ASPO Newsletter #49
Posted by Big Gav
This month's ASPO newsletter is now out - unfortunately without any new changes to their depletion curve.
There are a couple of interesting snippets, including Deutsche's recent research paper:
The Financial Community wakes up to Depletion
The following comments from the Deutsche Bank confirm that the financial community becomes aware of depletion. In all probability, the Second half of the Age of Oil will spell the end of the current Industrial-Financial System, which not only created economic growth but depended on it. The growth was itself essentially a manifestation of confidence that the mammoth debt created by the system could be re-paid. If it can’t be re-paid for lack of energy, logic demands the destruction of “capital” during the Second Half. It was n’t really capital in the first place in the sense of representing work or genuine assets but rather an expression of confidence that the past financial regime was sustainable. It would be interesting to know if the financial community can identify any genuine investments that will remain in tact despite the decline and eventual end of cheap oil-based energy that made the world go round. All identified substitutes are less efficient and more expensive.
From Deutsche Bank Research, December 2, 2004
http://www.dbresearch.de/PROD/DBR_INTERNET_DE-PROD/PROD0000000000181487.PDF
ASPO view
The Association for the Study of Peak Oil&Gas, ASPO (see various articles from K. Aleklett and C.J. Campbell at www.peakoil.net), a group of former petroleum geologists in the service of prominent petroleum corporations (e.g. BP Amoco) argues in favor of taking a different angle. It assumes a steep ascent in the output curve up to a peak, followed by a comparatively flat descent. The result is that the peak in production comes well ahead of the depletion mid-point, meaning that the production curve peaks far earlier than hitherto anticipated. Initially this applies to oil, and then, with time lag, to natural gas. In its mid 2004 updated forecast for oil, the ASPO brought the peak for oil forward from 2010 to 2008.
Dramatic implications of ASPO scenario
Were the ASPO scenario to prove correct, the consequences could be dramatic. Within the space of just a few years oil supply would start to shrink in the face of a growth trend in global demand, driven not least by the increasing hunger for energy in the heavily populated Asian countries. ExxonMobil expects 80% additional global demand for energy up to 2020 to come from the developing countries (see ExxonMobil, A Report on Energy Trends, February 2004, p.3). In the worst-case scenario, the already emerging widening of supply/demand gap could trigger a shortage shock leading to price crisis. This would also impact world economic development.
Also conceivable, though, is a more or less steady climb in the price of oil (and later also natural gas), which would tend to rein in demand for the energy carrier and encourage gradual substitution. What is more, price increases would imply an expansion of the reserve base as non-conventional reserves and current resources become more price-competitive. The peak calculated with reference to “present reserves” could then be delayed for a few more years. The possibility of realigning the energy mix without radical economic disturbance would be all the more likely, the sooner politicians, industry and private consumers respond to the signs of the times on the markets for hydrocarbons.

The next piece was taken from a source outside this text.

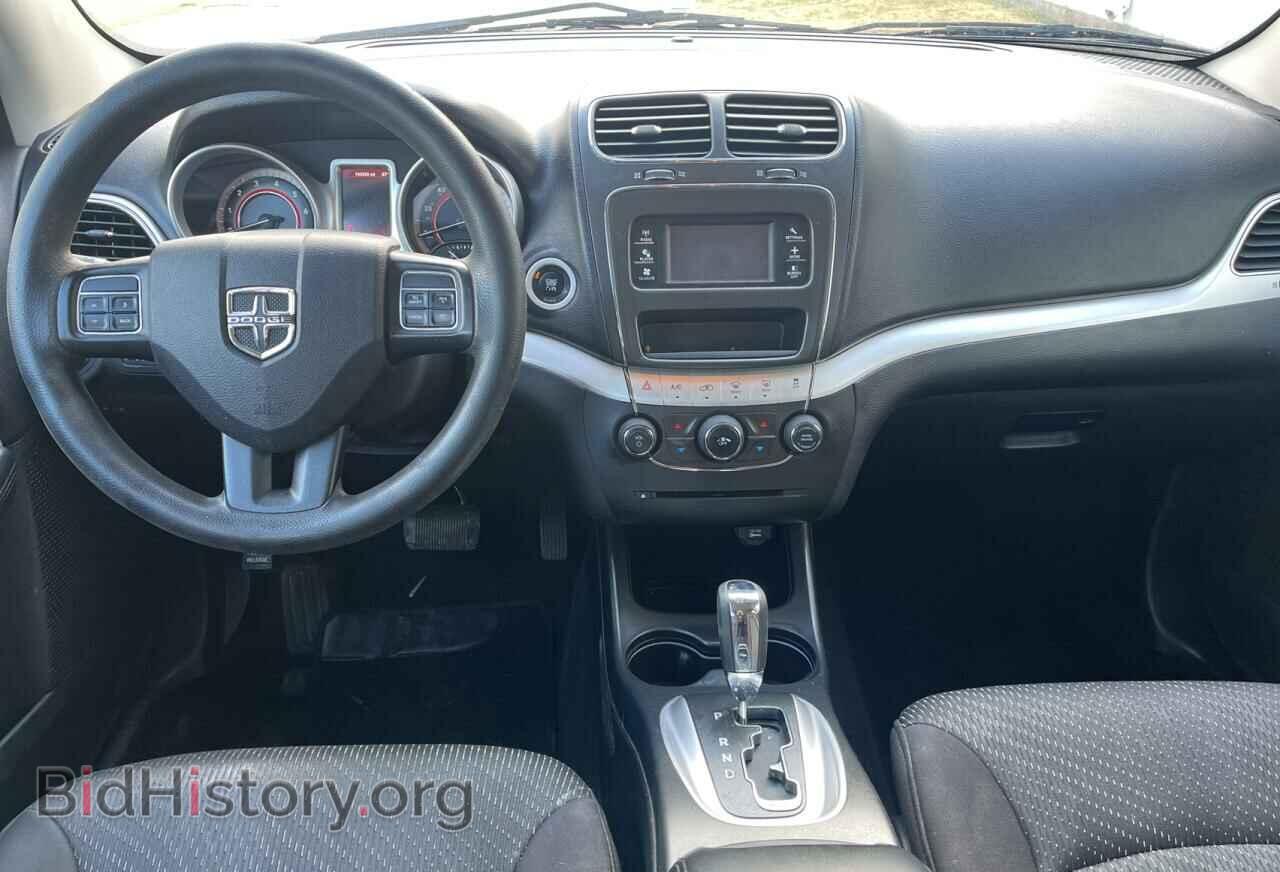 2014 DODGE JOURNEY - VIN: 3C4PDCAB9ET196907 - Photo 9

Venturing to look farther forward on the supply of energy, say to the end of our century, by then the future will already be behind us, at least in terms of petroleum. The end-of-the-fossil-hydrocarbons scenario is not therefore a doom-and gloom picture painted by pessimistic end-of-the world prophets, but a view of scarcity in the coming years and decades that must be taken seriously.
Forward-looking politicians, company chiefs and economists should prepare for this in good time, to effect the necessary transition as smoothly as possible.